» Task directions
Could you repeat exactly the lines below, from the line containing "8-Qt Stainless Steel" through the last one, both included, while leaving out any pictures?
### Collected material
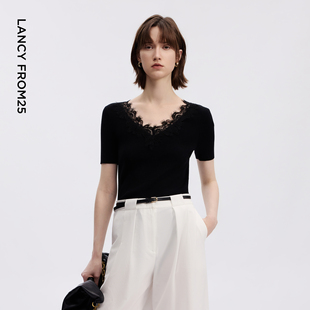 新款 朗姿25法式 高级打底2026年夏季 设计感针织衫 莱赛尔蕾丝领修身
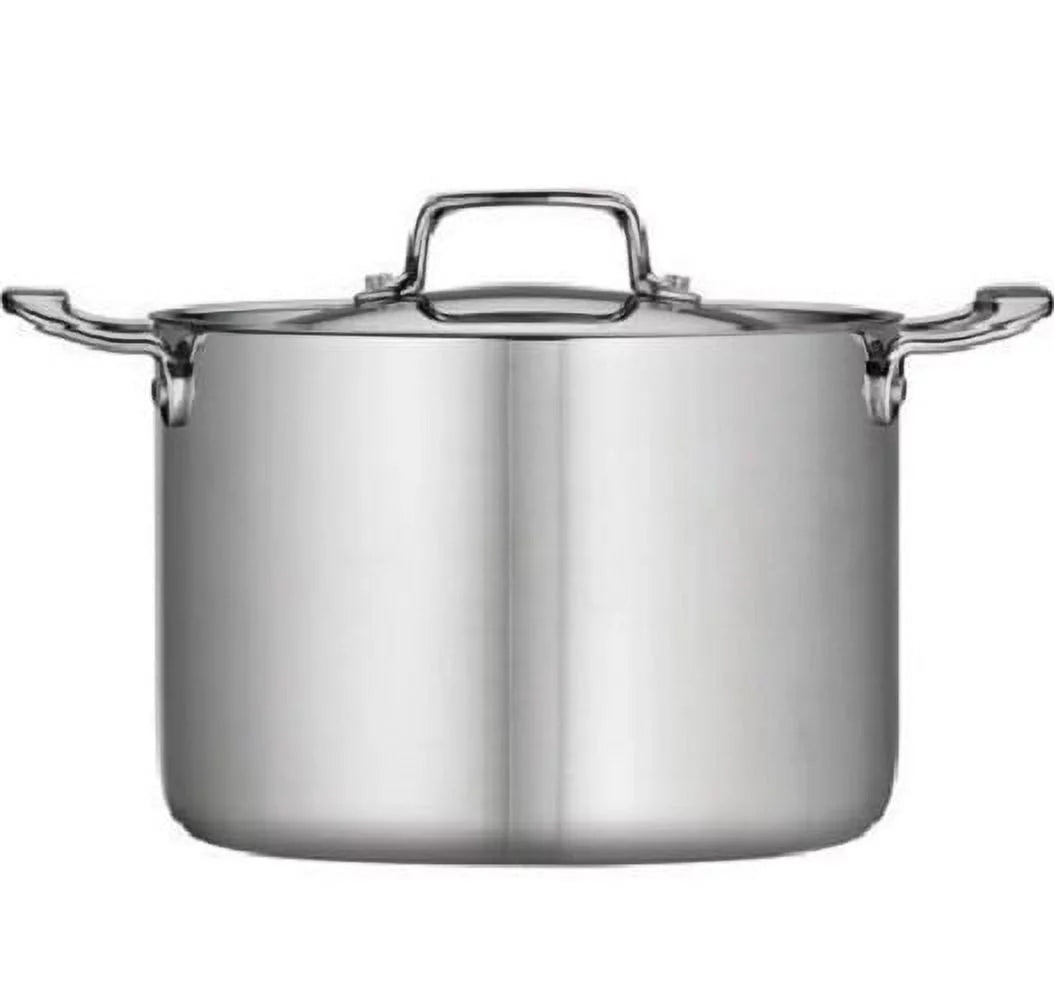8-Qt Stainless Steel Tri-Ply Clad Stock Pot with Lid T825525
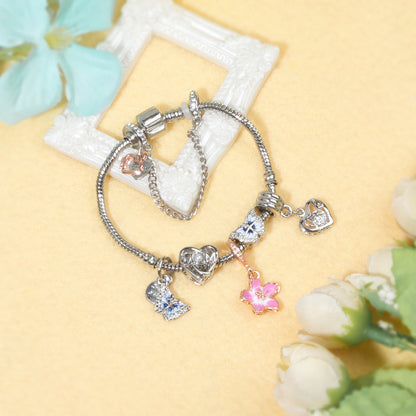 Blue Butterfly Glass Bead & Pink Flower Pendant Charm Bracelet(20cm)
######
» Answer to this task
8-Qt Stainless Steel Tri-Ply Clad Stock Pot with Lid T825525
 Blue Butterfly Glass Bead & Pink Flower Pendant Charm Bracelet(20cm)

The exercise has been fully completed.